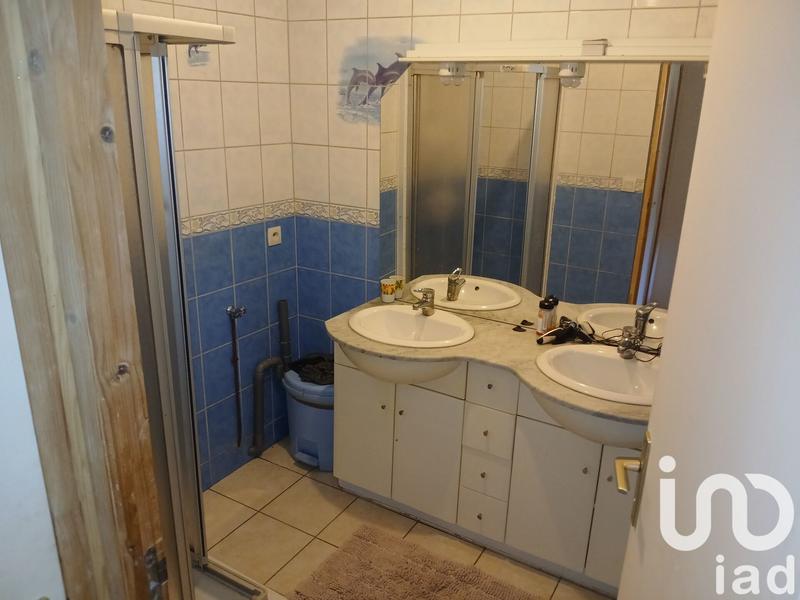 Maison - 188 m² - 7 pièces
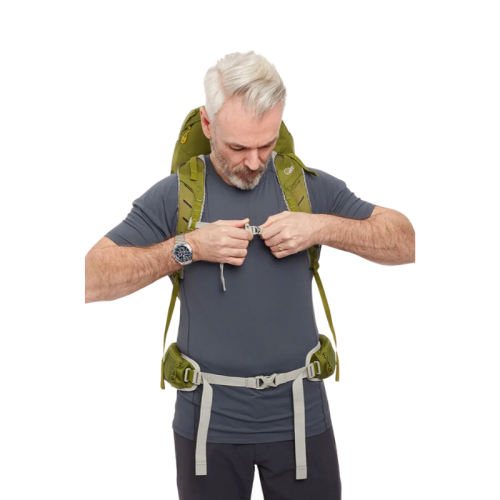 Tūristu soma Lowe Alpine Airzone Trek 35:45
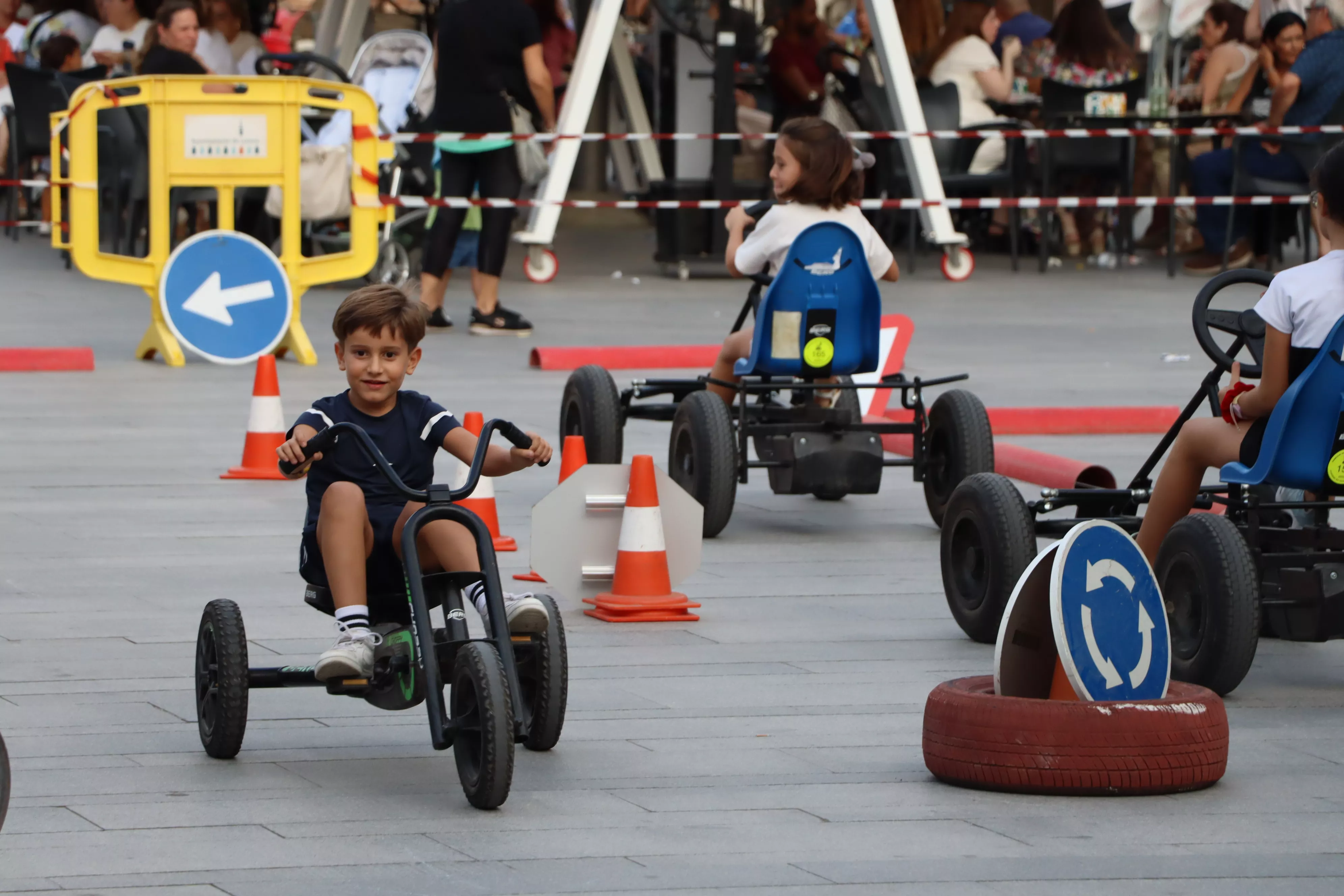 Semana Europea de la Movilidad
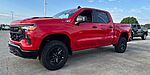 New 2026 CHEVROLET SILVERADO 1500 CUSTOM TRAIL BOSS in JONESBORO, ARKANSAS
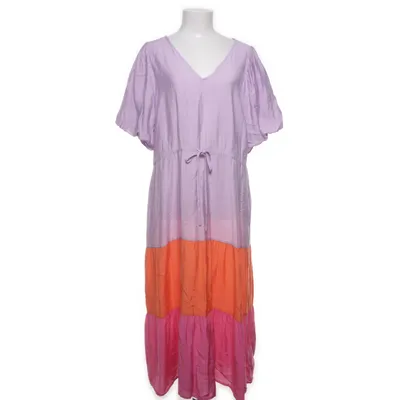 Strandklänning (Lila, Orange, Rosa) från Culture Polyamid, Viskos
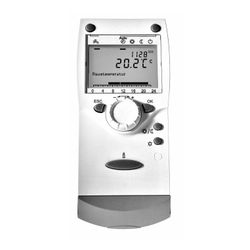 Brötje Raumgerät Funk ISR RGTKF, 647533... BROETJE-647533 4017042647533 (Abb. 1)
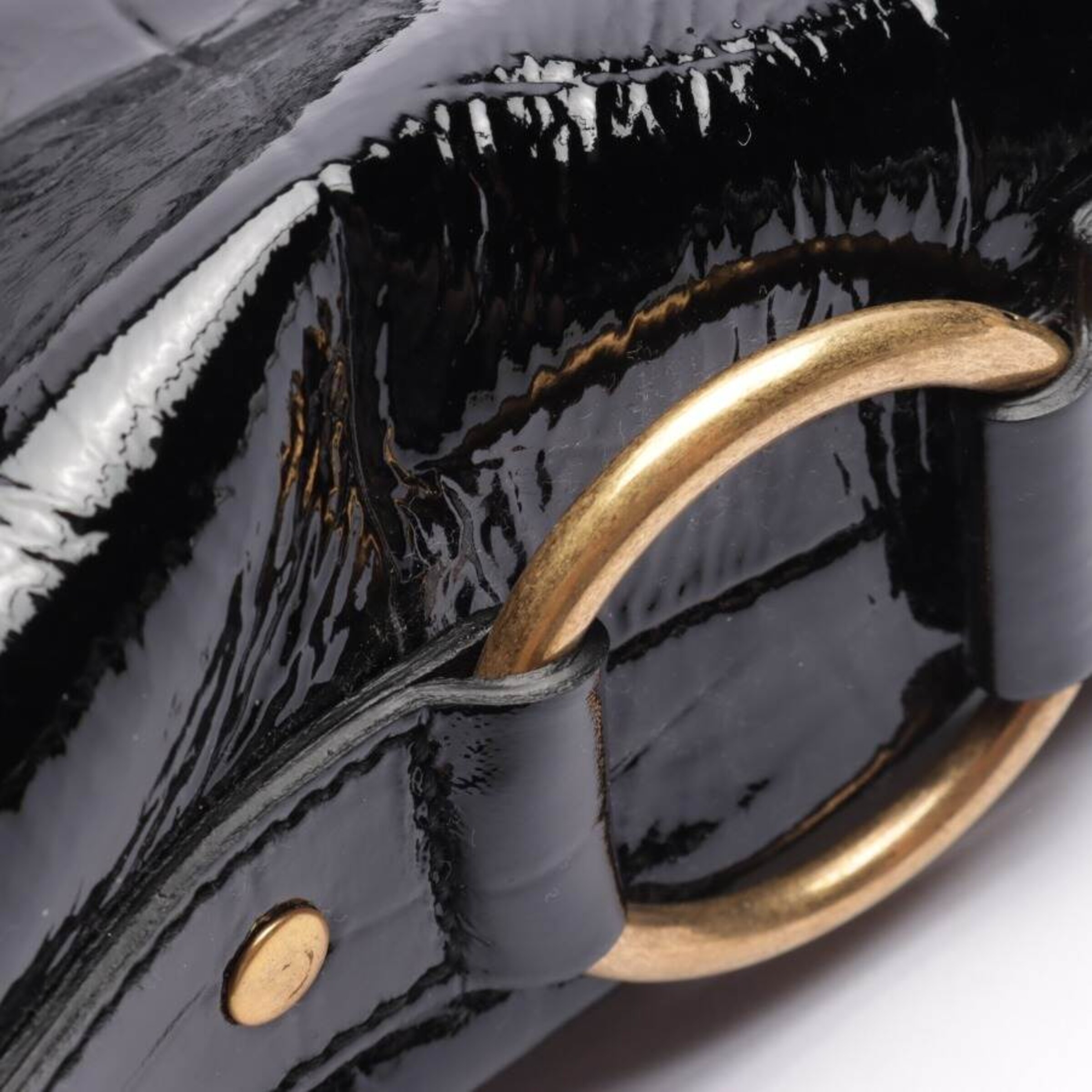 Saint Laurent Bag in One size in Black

+ + + + +

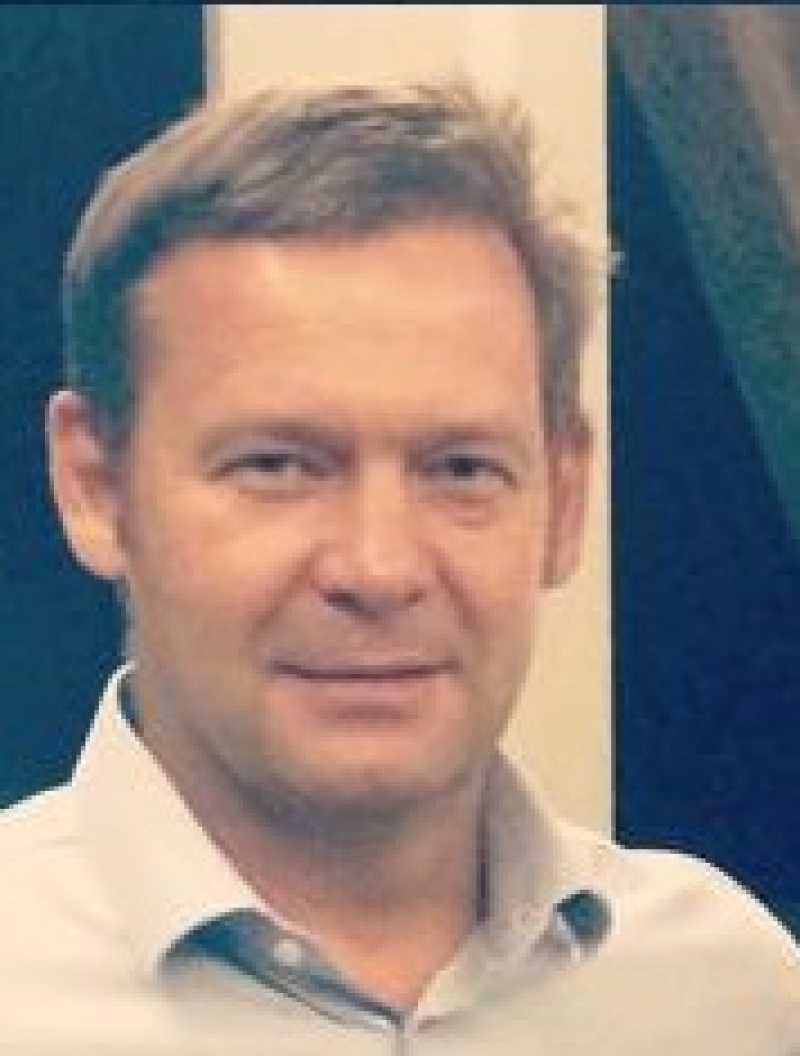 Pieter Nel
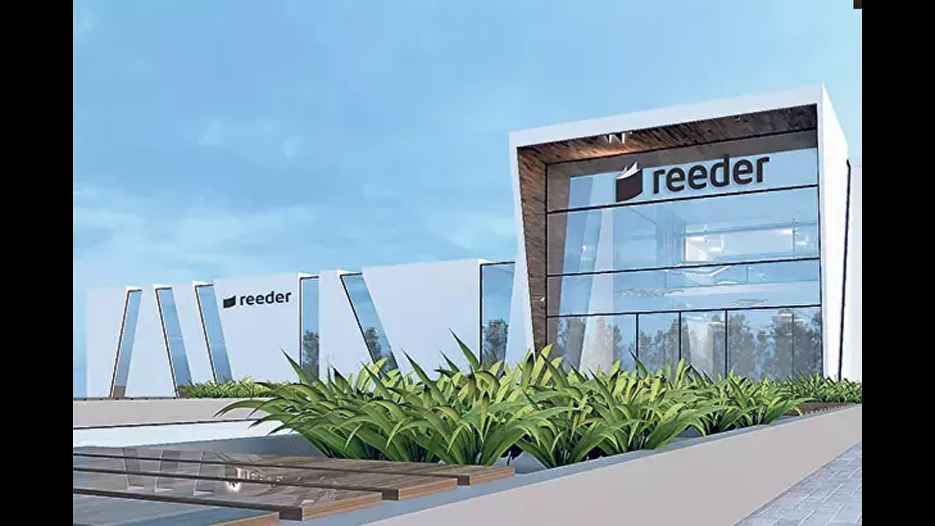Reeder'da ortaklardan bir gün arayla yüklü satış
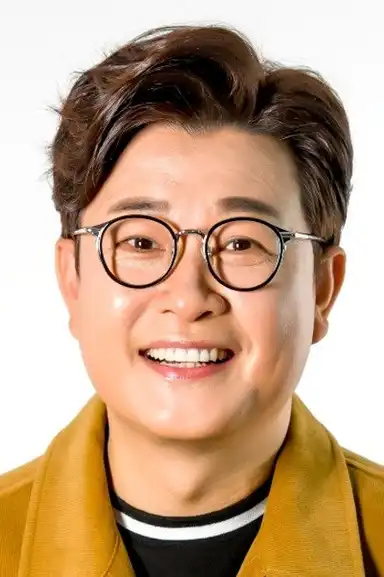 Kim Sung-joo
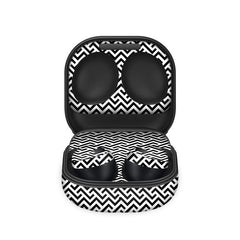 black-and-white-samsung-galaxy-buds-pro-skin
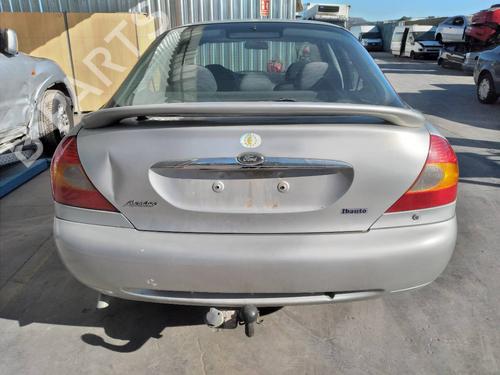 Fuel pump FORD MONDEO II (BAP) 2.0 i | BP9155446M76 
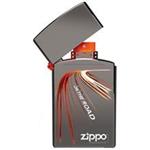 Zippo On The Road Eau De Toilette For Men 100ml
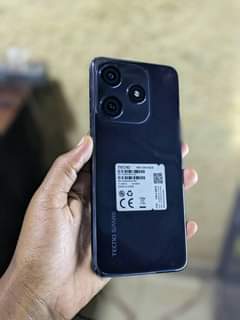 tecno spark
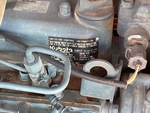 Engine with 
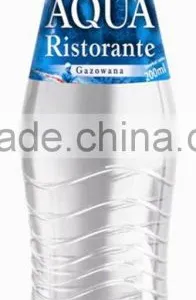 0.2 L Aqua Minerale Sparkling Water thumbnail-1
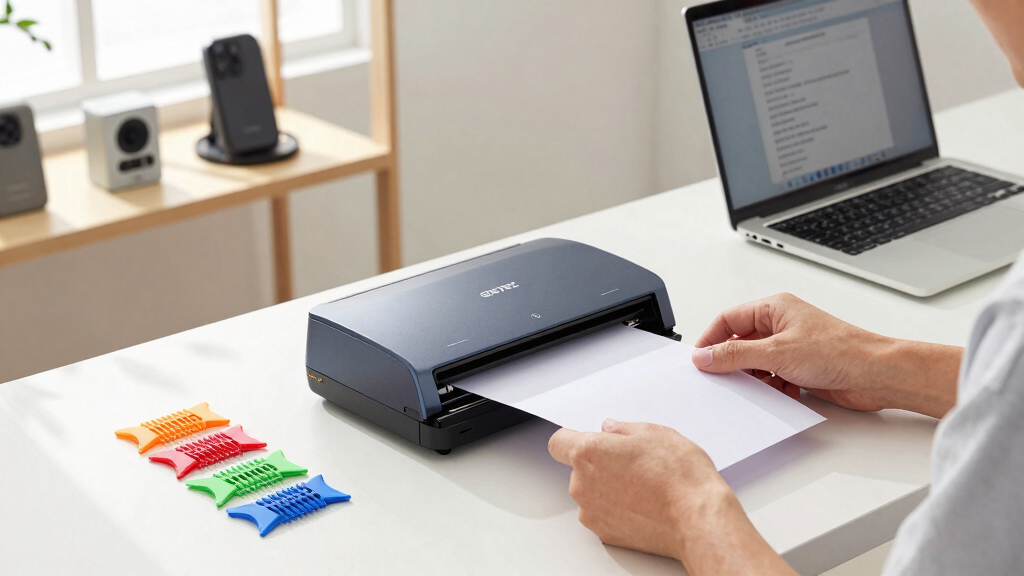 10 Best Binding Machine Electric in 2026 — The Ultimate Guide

+ + + + +

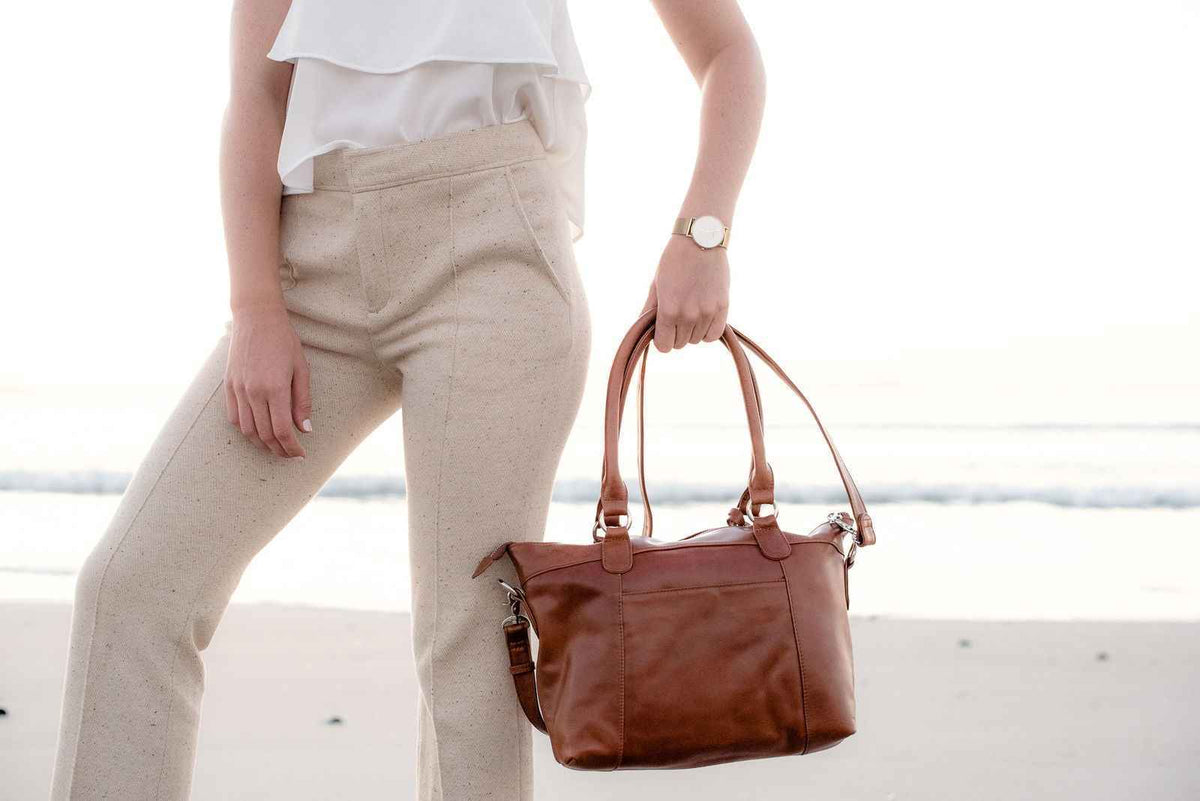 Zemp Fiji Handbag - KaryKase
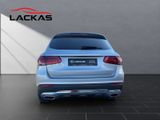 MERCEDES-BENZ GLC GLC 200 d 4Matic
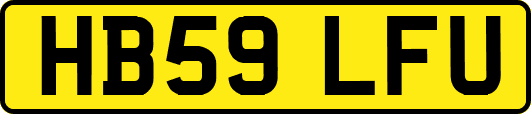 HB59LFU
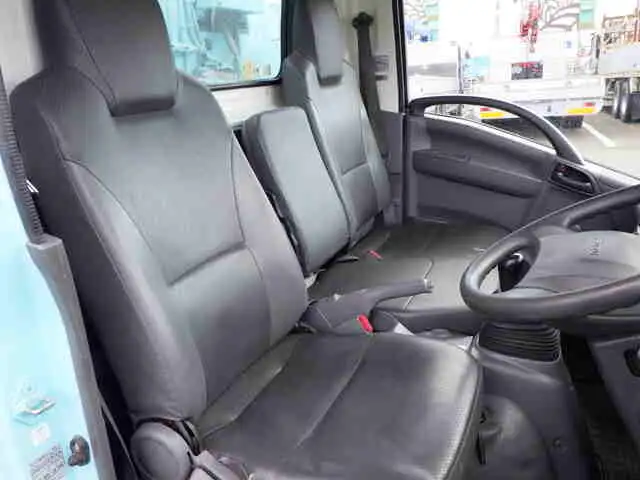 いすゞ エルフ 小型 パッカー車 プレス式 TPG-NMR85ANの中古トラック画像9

+ + + + +

» **Work to be completed**
Look back at the data above, then output exactly the lines from the line holding "Maison - 188 m² - 7 pièces" up to and including the line holding "Saint Laurent Bag in One size in Black". Leave out the pictures.

» **Result**
 Maison - 188 m² - 7 pièces
 Tūristu soma Lowe Alpine Airzone Trek 35:45
 Semana Europea de la Movilidad
 New 2026 CHEVROLET SILVERADO 1500 CUSTOM TRAIL BOSS in JONESBORO, ARKANSAS
 Strandklänning (Lila, Orange, Rosa) från Culture Polyamid, Viskos
 Brötje Raumgerät Funk ISR RGTKF, 647533... BROETJE-647533 4017042647533 (Abb. 1)
 Saint Laurent Bag in One size in Black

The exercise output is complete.